Accountability — on a slow boat to China
It is about seven years since Transnet irregularly awarded CRRC what became a multibillion-rand contract for locomotives. Spending meant to overhaul South African freight rail instead lined the pockets of Gupta-linked postbox firms offering phantom consulting services.
However, State Capture at Transnet didn’t rely on Zuma’s Gupta network alone. The evidence shows that CRRC was a central driver and beneficiary of State Capture in South Africa. With only a few hundred metres separating the presidential residence and the Chinese embassy in Pretoria, it is inexplicable why China has not been given an ultimatum to clean up this mess. Prosecutions should start in China which is bound to do so in terms of the United Nations Convention against Corruption.
If Beijing decides to go soft on its corporations then we need to see far more concerted action from South African authorities. Remedial pursuits such as asset recovery or the SIU contract cancellation bid are only the start. The same applies to the belated efforts of SARS and the Reserve Bank in freezing associated assets.

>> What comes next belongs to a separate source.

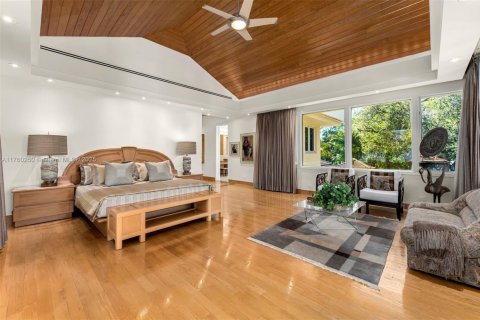 Купить виллу или дом в Корал-Гейблс, Флорида 5 спален, 715.16м2, № 2015892 - фото 9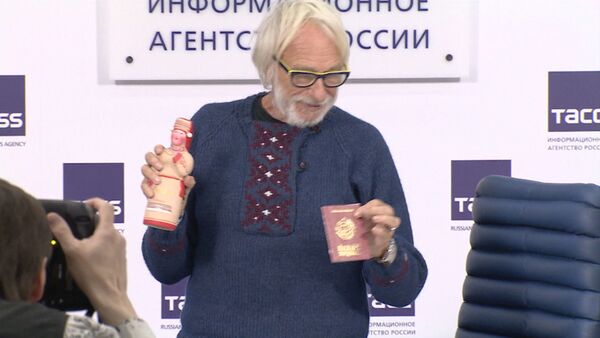 Пьер Ришар получил паспорт мордвина и объяснил, почему не поехал в Крым - Sputnik Латвия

The Zondo Commission should recommend that the NPA urgently lay criminal charges against all the corporations and individuals implicated in the great Transnet heist. This should be one of the top accountability priorities for the NPA. Advocate Shamila Batohi and her colleagues have a constitutional responsibility to uphold the law, regardless of the consequences in Beijing and beyond.